Work to be completed
Look below for the line containing "Ivory sectional Sofas & Couches" and the line containing "Bild mit Rahmen"; repeat exactly those two lines and all lines between them, and nothing else.

Records for processing
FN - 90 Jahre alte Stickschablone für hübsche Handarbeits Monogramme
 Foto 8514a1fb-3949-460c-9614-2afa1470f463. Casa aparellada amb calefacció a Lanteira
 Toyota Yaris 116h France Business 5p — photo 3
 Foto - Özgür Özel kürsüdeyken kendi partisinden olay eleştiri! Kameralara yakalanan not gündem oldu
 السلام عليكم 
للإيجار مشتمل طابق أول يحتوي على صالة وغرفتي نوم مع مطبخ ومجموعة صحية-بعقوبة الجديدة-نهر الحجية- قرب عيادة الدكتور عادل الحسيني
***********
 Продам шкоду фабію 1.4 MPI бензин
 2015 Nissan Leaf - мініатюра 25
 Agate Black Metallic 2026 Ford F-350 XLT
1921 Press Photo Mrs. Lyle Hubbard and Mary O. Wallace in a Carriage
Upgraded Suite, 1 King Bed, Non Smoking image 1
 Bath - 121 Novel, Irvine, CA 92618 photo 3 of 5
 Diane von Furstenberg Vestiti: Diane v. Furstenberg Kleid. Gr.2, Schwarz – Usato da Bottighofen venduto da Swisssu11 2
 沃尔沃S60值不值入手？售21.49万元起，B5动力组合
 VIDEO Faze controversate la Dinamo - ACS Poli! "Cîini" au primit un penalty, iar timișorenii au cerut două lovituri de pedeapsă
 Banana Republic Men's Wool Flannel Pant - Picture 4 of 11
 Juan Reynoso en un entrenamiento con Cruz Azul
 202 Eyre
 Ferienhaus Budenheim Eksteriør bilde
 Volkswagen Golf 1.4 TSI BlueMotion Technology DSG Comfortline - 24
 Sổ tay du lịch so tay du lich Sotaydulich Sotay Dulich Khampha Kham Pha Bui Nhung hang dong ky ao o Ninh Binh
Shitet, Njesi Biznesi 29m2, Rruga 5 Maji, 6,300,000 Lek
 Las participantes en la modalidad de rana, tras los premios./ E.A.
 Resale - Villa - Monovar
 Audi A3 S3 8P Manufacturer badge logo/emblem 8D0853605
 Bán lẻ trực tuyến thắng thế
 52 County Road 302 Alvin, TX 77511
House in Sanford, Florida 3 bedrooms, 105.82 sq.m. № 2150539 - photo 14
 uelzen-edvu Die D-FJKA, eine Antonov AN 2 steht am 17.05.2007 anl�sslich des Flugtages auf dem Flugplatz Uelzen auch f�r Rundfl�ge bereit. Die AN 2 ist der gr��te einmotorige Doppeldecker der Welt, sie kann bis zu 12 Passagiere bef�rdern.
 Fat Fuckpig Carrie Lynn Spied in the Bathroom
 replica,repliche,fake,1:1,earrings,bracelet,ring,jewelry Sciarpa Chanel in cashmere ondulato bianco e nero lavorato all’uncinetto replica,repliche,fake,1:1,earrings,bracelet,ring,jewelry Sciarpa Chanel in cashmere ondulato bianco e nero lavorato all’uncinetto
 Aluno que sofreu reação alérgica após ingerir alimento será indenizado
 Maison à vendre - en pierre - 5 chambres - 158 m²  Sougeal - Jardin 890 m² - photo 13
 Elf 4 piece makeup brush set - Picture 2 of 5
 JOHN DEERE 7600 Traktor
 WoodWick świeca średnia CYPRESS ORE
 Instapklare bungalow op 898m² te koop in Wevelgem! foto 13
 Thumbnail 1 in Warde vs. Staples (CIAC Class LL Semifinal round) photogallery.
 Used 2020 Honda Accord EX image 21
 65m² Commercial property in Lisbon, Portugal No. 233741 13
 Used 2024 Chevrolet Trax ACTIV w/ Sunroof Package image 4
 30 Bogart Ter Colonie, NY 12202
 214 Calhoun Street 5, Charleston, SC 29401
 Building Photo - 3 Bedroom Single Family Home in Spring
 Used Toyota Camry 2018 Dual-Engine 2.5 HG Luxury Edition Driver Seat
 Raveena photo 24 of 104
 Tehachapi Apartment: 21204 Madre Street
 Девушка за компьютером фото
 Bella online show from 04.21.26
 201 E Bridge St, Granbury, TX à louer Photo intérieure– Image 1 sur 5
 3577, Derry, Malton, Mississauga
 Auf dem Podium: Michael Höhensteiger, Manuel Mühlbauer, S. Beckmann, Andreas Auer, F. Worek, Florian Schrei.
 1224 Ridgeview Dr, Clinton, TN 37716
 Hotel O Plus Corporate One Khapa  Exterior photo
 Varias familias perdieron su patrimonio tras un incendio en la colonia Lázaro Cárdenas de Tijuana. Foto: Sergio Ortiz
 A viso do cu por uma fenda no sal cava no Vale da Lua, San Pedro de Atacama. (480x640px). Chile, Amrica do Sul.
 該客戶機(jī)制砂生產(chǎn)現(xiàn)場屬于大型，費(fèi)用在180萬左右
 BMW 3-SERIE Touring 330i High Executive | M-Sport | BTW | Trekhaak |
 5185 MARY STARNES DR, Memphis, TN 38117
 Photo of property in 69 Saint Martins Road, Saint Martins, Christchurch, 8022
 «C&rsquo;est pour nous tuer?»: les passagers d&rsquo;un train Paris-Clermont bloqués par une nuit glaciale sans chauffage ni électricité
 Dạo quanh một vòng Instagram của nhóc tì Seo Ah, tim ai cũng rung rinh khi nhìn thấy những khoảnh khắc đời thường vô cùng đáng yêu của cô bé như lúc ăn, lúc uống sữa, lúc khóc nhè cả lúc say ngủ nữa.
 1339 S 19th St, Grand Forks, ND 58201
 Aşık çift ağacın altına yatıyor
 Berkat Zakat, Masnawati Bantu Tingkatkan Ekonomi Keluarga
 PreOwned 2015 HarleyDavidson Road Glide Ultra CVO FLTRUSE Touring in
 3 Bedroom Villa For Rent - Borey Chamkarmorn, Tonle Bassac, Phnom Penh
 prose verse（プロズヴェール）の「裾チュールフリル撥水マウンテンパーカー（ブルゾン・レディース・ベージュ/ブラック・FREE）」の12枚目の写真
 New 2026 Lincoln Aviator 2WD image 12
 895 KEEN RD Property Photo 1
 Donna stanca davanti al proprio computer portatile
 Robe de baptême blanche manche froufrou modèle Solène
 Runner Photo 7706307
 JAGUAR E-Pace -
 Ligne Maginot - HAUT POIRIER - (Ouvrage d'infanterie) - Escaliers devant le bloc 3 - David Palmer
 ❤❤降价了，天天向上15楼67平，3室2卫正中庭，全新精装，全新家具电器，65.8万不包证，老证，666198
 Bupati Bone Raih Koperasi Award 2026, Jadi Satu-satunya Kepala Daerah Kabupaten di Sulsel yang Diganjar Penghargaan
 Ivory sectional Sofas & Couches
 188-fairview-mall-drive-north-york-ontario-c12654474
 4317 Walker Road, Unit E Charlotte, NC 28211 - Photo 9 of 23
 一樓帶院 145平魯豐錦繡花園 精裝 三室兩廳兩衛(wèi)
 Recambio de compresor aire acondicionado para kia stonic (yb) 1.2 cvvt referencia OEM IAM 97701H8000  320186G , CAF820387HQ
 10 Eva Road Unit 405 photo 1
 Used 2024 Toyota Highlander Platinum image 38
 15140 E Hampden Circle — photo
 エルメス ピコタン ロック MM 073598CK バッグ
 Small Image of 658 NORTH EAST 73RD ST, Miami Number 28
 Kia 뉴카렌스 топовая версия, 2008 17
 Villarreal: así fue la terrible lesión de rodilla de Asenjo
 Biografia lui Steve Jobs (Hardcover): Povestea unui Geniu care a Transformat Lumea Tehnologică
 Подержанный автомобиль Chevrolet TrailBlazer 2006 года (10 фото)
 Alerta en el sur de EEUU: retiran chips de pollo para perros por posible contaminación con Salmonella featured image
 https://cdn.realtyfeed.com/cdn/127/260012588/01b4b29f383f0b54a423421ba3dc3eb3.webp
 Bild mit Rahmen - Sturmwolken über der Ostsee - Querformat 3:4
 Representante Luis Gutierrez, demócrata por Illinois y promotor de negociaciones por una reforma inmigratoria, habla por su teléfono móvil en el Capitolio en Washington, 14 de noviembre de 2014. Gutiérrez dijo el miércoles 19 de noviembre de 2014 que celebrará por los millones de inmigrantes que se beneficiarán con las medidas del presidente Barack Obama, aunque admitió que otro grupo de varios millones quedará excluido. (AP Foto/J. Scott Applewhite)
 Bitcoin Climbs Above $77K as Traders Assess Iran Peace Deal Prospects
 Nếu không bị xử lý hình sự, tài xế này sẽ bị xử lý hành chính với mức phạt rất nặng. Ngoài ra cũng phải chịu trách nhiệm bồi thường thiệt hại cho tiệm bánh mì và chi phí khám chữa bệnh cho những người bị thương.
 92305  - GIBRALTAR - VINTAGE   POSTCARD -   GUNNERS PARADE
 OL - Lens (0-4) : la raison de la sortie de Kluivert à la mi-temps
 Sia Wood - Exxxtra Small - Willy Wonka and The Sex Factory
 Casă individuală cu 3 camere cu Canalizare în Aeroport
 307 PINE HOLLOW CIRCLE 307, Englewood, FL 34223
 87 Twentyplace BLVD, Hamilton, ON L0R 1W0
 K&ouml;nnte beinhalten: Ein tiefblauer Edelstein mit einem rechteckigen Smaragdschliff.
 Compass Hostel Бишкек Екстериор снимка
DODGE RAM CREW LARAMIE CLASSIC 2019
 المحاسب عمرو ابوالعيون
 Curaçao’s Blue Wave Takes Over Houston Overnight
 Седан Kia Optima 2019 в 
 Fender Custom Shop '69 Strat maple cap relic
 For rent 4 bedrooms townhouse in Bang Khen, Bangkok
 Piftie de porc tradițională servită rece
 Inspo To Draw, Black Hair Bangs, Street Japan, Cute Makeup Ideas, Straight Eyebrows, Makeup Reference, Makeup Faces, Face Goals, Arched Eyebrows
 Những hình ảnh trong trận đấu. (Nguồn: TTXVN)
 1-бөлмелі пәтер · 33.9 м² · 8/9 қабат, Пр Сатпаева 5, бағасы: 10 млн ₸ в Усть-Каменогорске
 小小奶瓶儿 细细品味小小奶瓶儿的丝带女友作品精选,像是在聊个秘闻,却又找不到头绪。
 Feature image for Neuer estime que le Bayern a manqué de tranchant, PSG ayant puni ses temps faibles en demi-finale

Answer to the exercise
 Ivory sectional Sofas & Couches
 188-fairview-mall-drive-north-york-ontario-c12654474
 4317 Walker Road, Unit E Charlotte, NC 28211 - Photo 9 of 23
 一樓帶院 145平魯豐錦繡花園 精裝 三室兩廳兩衛(wèi)
 Recambio de compresor aire acondicionado para kia stonic (yb) 1.2 cvvt referencia OEM IAM 97701H8000  320186G , CAF820387HQ
 10 Eva Road Unit 405 photo 1
 Used 2024 Toyota Highlander Platinum image 38
 15140 E Hampden Circle — photo
 エルメス ピコタン ロック MM 073598CK バッグ
 Small Image of 658 NORTH EAST 73RD ST, Miami Number 28
 Kia 뉴카렌스 топовая версия, 2008 17
 Villarreal: así fue la terrible lesión de rodilla de Asenjo
 Biografia lui Steve Jobs (Hardcover): Povestea unui Geniu care a Transformat Lumea Tehnologică
 Подержанный автомобиль Chevrolet TrailBlazer 2006 года (10 фото)
 Alerta en el sur de EEUU: retiran chips de pollo para perros por posible contaminación con Salmonella featured image
 https://cdn.realtyfeed.com/cdn/127/260012588/01b4b29f383f0b54a423421ba3dc3eb3.webp
 Bild mit Rahmen - Sturmwolken über der Ostsee - Querformat 3:4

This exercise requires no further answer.